Países com arsenais atômicos usam suas armas como um escudo protetor para atacar vizinhos com tropas convencionais. A Rússia de Vladimir Putin invadiu a Ucrânia mesmo sendo uma potência nuclear. A Coreia do Norte mantém uma postura agressiva contra o Sul aproveitando-se de seu arsenal atômico para evitar uma retaliação externa. O escudo nuclear garante que nenhuma potência ocidental mande tropas para enfrentar Moscou ou Pyongyang diretamente. A bomba atômica deixou de ser um instrumento de paz mundial. Funciona hoje como uma proteção para que governos authoritários faam guerra convencional sem consequências diretas.

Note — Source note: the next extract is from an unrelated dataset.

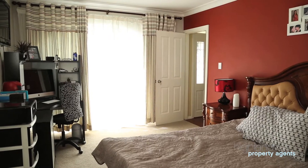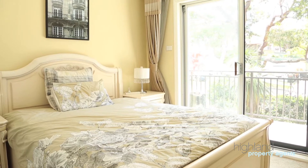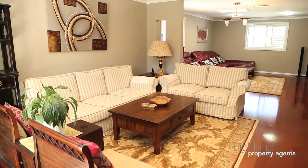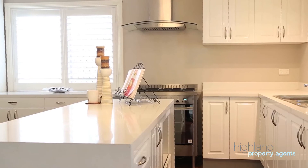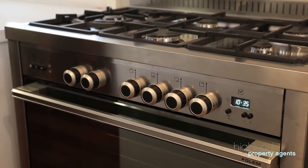Generously proportioned, the home offers four oversized bedrooms and multiple living and dining options. The large eat-in kitchen has recently been updated with modern appliances and a breakfast bar.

O encolhimento do poder de intimidação das armas nucleares destrava governos dispostos a usar a força militar. A consequência prática é o surgimento de conflitos prolongados e sangrentos em zonas de fronteira. Os países sem armamento atômico, como a Ucrânia, enfrentam invasões e precisam se contentar com ajuda militar indireta. O medo da bomba não parou os tanques russos nem impediu a devastação de cidades inteiras no leste europeu.